Yes the salt eats everything no matter how often it's washed. I don't know how people can spend 30-40K on a vehicle and drive it in the snow, knowing it'll be a rusty mess in 10-15 years. Many people have two cars each, a good summer car and a winter beater. Wife has an '06 fusion that only gets driven in the summer and it's immaculate, but her daily driver '10 escape is rusting away. I bought my '98 in 2001, and foolishly drove it for a few winters when I was young and broke. Just those few winters was enough to do some serious damage.
The problem areas I've seen are:
Moisture gets into the torque boxes and eats the body mounts, which are not painted inside, just primer.
The floors under the roll bars are just primer as well. Water seeps under the roll bar mounts and eats the floor from the top down.
The rear cross member under the tail gate has huge factory holes on the bottom that lets water in to attack the rear body mounts.
Water collects in the bottom of the tub B pillars next to the roll bars and eats everything from the inside out. Floor/rocker/pillar.
The wheel wells of the front fenders have reinforcement plates that collect moisture and rot the top of the fenders.
Water will seep into the floor to rocker seams and rust.
There is no paint under the door or tailgate hinges.
The middle of the frame doesn't have drain holes, so it holds an inch of water and rots the frame from the inside out. The outside of the frame will look good, the inside is falling apart. Common areas are rear lca mounts and the center skid mountings.
Any hidden boxed section is not painted, just E coat or primer, with insufficient drain holes. If water gets in it'll rust.
Areas I found that are not too bad:
The large boxed A pillar section (behind the "jeep" stickers) had hardly any damage.
The firewall, cowling, grill and hood are ok.
Center floor areas, transmission tunnel, and the center tub reinforcement plate are ok.
Small boxed cross members under the bed were mostly ok.
The rear wheel well liners do a decent job of protecting all the seams and surfaces in the rear wheel wells.
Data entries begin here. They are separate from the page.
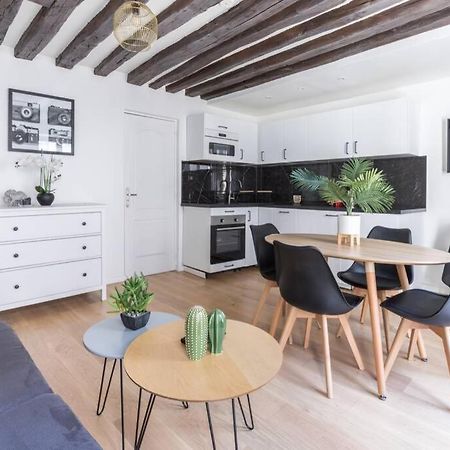 Home Suite Home Grands Boulevards - 32 - 巴黎 外观 照片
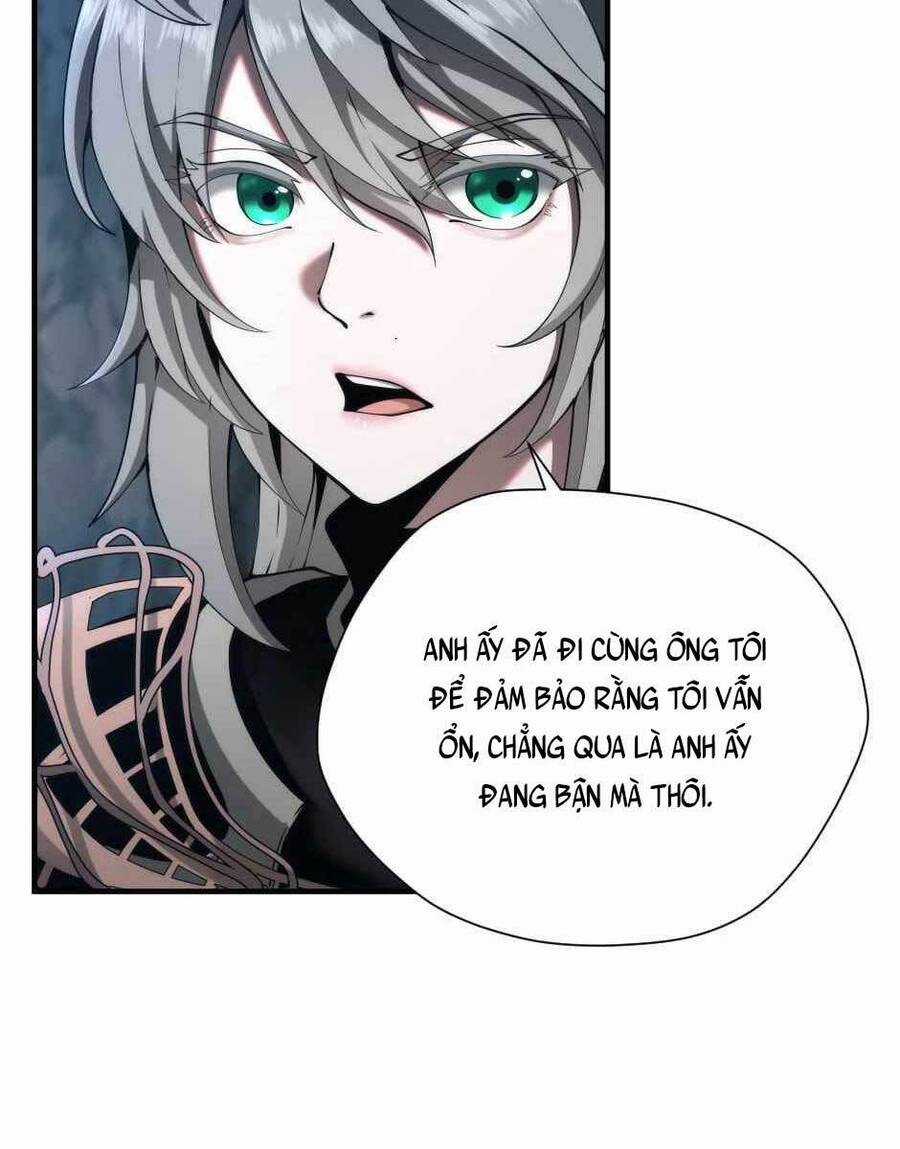 Ánh Sáng Cuối Con Đường Chương 171 trang 32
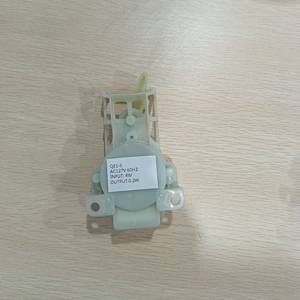 Actuador de Freno y Retractor de Motor de Drenaje para Lavadora Eléctrica QE1-5 <span class=keywords><strong>QE2</strong></span>-10 (127V/220V) para el Mercado Sudamericano - Product Image 2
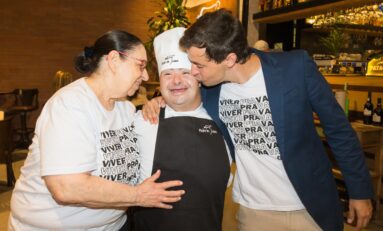 Instituição gaúcha e escola de saúde da Unisinos se unem para promover evento e apresentar inteligência inclusiva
As far as restoring a vehicle, this is my second attempt. The first was an old VW that I did a ton of body work on and repainted. But when Daphne needed a new frame and rust work, I had to pick the better project and the VW just had too many issues so it went down the road. What I've learned so far is THE BODY IS EVERYTHING. I don't care if the motor is seized, the axles grenaded, the transmission junk, the suspension sagging: if the body is good and clean then most of the work is already done. Also, whatever budget you've figured it'll take you might as well double it for all the little things like tools, small parts, prep supplies, etc that you find you'll need along the way. Figure out how much space you will need to do all the repairs, and once you start taking things apart you find you need alot more space to get it all out of the way while you work. Time: oh boy, it seems even the littlest thing that you think will only take an hour or two to fix ends up eating up the entire day. Easily triple your time estimate. And age? I'm late 30's, and after a long day of crouching, twisting, crawling, bending and reaching to fix stuff, my back and shoulders and knees are done. I couldn't imagine trying to do this when I'm 60 or retired. So if you want to restore a vehicle, it's a long tunnel and for much of it there's no light at the end, and I can see why so many projects falter and quit halfway through, so know what you're getting yourself into before you start.